# GOAL OF THE EXERCISE
Every line below must be reproduced exactly; no pictures are to be included.

# THE DATA
#####

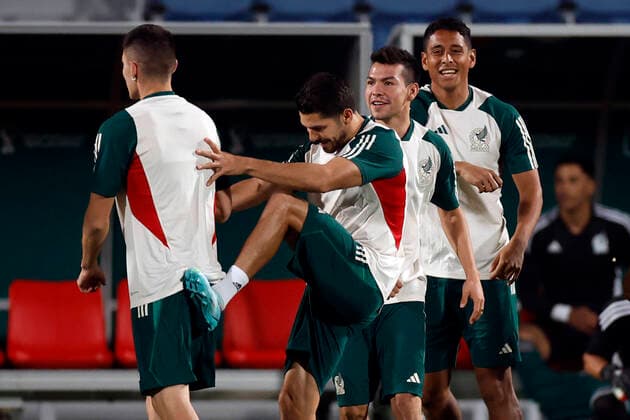Mexico s players Henry Martin (2-L), Hirving Lozano (2-R) and Luis Romo (R) attend a training session at the Al-Bayt Stadium in Yor, Qatar, 21 November 2022. Mexico will face Poland during their FIFA World Cup, WM, Weltmeisterschaft, Fussball Qatar 2022 group C soccer match on 22 November 2022. Mexico s training session !ACHTUNG: NUR REDAKTIONELLE NUTZUNG!  Copyright: xAlbertoxEstevezx EVE514 20221121-bc642efe4c46aa25e0b0ec604702858e280e74db
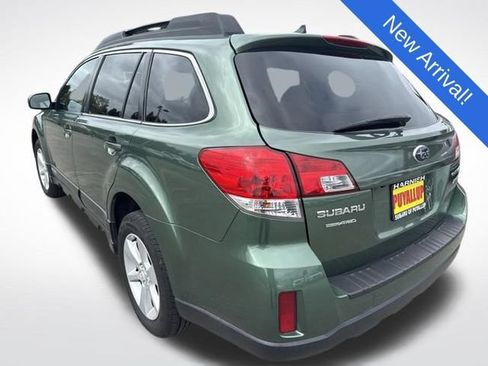Used 2014 Subaru Outback 2.5i Premium w/ Moonroof Package AWD/4WD image 5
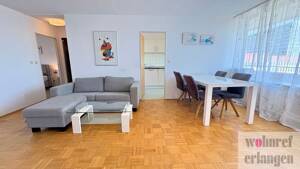 Schöne Wohnung mit Balkon in zentraler Lage – 91052 Erlangen – Vorschaubild 1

#####

# YOUR SOLUTION
Mexico s players Henry Martin (2-L), Hirving Lozano (2-R) and Luis Romo (R) attend a training session at the Al-Bayt Stadium in Yor, Qatar, 21 November 2022. Mexico will face Poland during their FIFA World Cup, WM, Weltmeisterschaft, Fussball Qatar 2022 group C soccer match on 22 November 2022. Mexico s training session !ACHTUNG: NUR REDAKTIONELLE NUTZUNG!  Copyright: xAlbertoxEstevezx EVE514 20221121-bc642efe4c46aa25e0b0ec604702858e280e74db
Used 2014 Subaru Outback 2.5i Premium w/ Moonroof Package AWD/4WD image 5
 Schöne Wohnung mit Balkon in zentraler Lage – 91052 Erlangen – Vorschaubild 1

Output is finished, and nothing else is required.